For example, an accelerator among accelerators 1242 can provide
data compression capability, cryptography services such as public
key encryption (PKE), cipher, hash/authentication capabilities,
decryption, or other capabilities or services. In some examples, in
addition or alternatively, an accelerator among accelerators 1242
provides field select controller capabilities as described herein.
In some cases, accelerators 1242 can be integrated into a CPU
socket (e.g., a connector to a motherboard or circuit board that
includes a CPU and provides an electrical interface with the CPU).
For example, accelerators 1242 can include a single or multi-core
processor, graphics processing unit, logical execution unit single
or multi-level cache, functional units usable to independently
execute programs or threads, application specific integrated
circuits (ASICs), neural network processors (NNPs), programmable
control logic, and programmable processing elements such as field
programmable gate arrays (FPGAs). Accelerators 1242 can provide
multiple neural networks, CPUs, processor cores, general purpose
graphics processing units, or graphics processing units can be made
available for use by AI or ML models. For example, the AI model can
use or include any or a combination of: a reinforcement learning
scheme, Q-learning scheme, deep-Q learning, or Asynchronous
Advantage Actor-Critic (A3C), combinatorial neural network,
recurrent combinatorial neural network, graph neural network, or
other AI or ML model. Multiple neural networks, processor cores, or
graphics processing units can be made available for use by AI or ML
models.
[0093] Memory subsystem 1220 represents the main memory of compute
platform 1200 and provides storage for code to be executed by
processor 1210, or data values to be used in executing a routine.

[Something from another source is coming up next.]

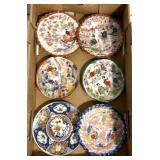 Japanese themed plates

Memory subsystem 1220 can include one or more memory devices 1230
such as read-only memory (ROM), flash memory, one or more varieties
of random access memory (RAM) such as DRAM, or other memory
devices, or a combination of such devices. Memory 1230 stores and
hosts, among other things, operating system (OS) 1232 to provide a
software platform for execution of instructions in compute platform
1200. Additionally, applications 1234 can execute on the software
platform of OS 1232 from memory 1230. Applications 1234 represent
programs that have their own operational logic to perform execution
of one or more functions. Processes 1236 represent agents or
routines that provide auxiliary functions to OS 1232 or one or more
applications 1234 or a combination. OS 1232, applications 1234, and
processes 1236 provide software logic to provide functions for
compute platform 1200. In one example, memory subsystem 1220
includes memory controller 1222, which is a memory controller to
generate and issue commands to memory 1230. It will be understood
that memory controller 1222 could be a physical part of processor
1210 or a physical part of interface 1212. For example, memory
controller 1222 can be an integrated memory controller, integrated
onto a circuit with processor 1210.
[0094] While not specifically illustrated, it will be understood
that compute platform 1200 can include one or more buses or bus
systems between devices, such as a memory bus, a graphics bus,
interface buses, or others. Buses or other signal lines can
communicatively or electrically couple components together, or both
communicatively and electrically couple the components. Buses can
include physical communication lines, point-to-point connections,
bridges, adapters, controllers, or other circuitry or a
combination. Buses can include, for example, one or more of a
system bus, a Peripheral Component Interconnect (PCI) bus, a Hyper
Transport or industry standard architecture (ISA) bus, a small
computer system interface (SCSI) bus, a universal serial bus (USB),
or an Institute of Electrical and Electronics Engineers (IEEE)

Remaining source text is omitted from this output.